Though there is a certain poignancy in the photographer-son of a man who served in the Wehrmacht during World War II receiving the commission to photograph the British queen and her consort, both of whom served in their country's armed forces in the same conflict - family portraits are nothing new for Struth. To a considerable extent, his fame can be attributed to the portraits he shot in the 1980s of all sorts of individuals and groups of people. But he is also renowned for his photos of streets, forests and jungles, as well as for the series of pictures he took of visitors to important world museums, in an attempt to convey the feeling we have when we see a work of art.
One of his current projects focuses on technology, and he utilized his visit to Israel for this purpose when he photographed one of the laser laboratories at the Weizmann Institute of Science in Rehovot. Other subjects that he chose during his visit include the Mediterranean Sea, the separation barrier and a family of veteran immigrants from Yemen (according to Struth, the mother had her first child when she was 12 or 13 ).
This was Struth's first visit here. As a German, he says he knew he would one day want to visit Israel, but until now the time did not seem right. Like many of his generation, he bears the stigma of being the child of someone who served in the German army during the Holocaust.
His father was an ordinary soldier who was seriously wounded twice in the course of his military service. Even as a child, Thomas was troubled by his parents' past: He was disappointed that, although they were not members of the Nazi Party, they didn't actively fight it.
His brother once worked as a volunteer on a kibbutz, but as for himself, Struth comments acerbically, he was not drawn to come here and did not find the Israeli-Palestinian conflict especially "inviting." He once asked himself, he says, what would happen if the media stopped reporting on the conflict, which attracts so much attention.
Only now, at age 57, did Struth feel the time had come for him to see the Holy Land. He traveled here at the invitation of French-Jewish photographer Frederic Brenner, who recruited him to his project, involving an elite team of photographers chosen to document the country.
With the means and funds that the project placed at his disposal, Struth was able to travel the length and breadth of Israel and the West Bank in search for appropriate sites to photograph. The list he chose included the Golan Heights, where this image was captured, the Negev, Tel Aviv, Hebron, Masada and Ramallah.

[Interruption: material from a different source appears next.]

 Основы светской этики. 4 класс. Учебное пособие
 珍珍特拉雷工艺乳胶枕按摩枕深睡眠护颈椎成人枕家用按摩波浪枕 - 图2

When Brenner explained to him that he wanted a "different picture" of Israel, Struth was not sure what he meant. Would the eyes of strangers, he wondered, see something in Israel beyond the conflict and Zionism?

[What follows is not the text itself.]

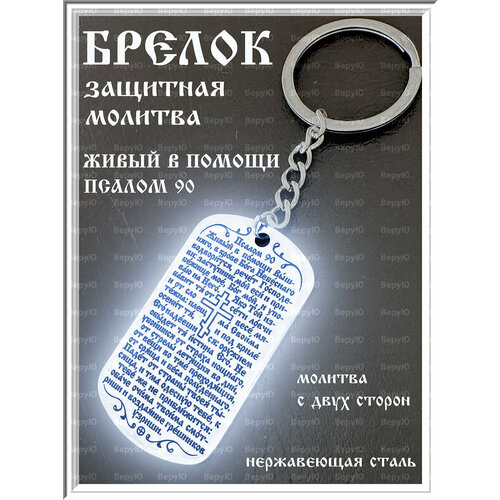 Брелок ВеруЮ, серебряный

Struth still does not know what Brenner meant by a "different picture."
Nonetheless, he managed to find his place easily in the project. Generally speaking, he observes, whenever you work in a group framework, irrespective of the way it functions, a leader will always emerge. Although Brenner took that role initially, he began also to photograph just like all the members of the team that he himself recruited. Struth was not flustered by the prospect of working with other seasoned photographers. As a teenager, he was a member of several rock groups and, after that experience, he says, he has no trouble being a team member - as long as he has to act like one only once every 20 years, he quips.
Asked to sum up his visit to Israel, he responds with an emotional monologue. He asks himself why Palestinians and Israelis are still stuck in their conflict, and advises both sides to get out of the corner they have painted themselves into. In his view, both sides are refusing to consider solutions that are really much easier than they think.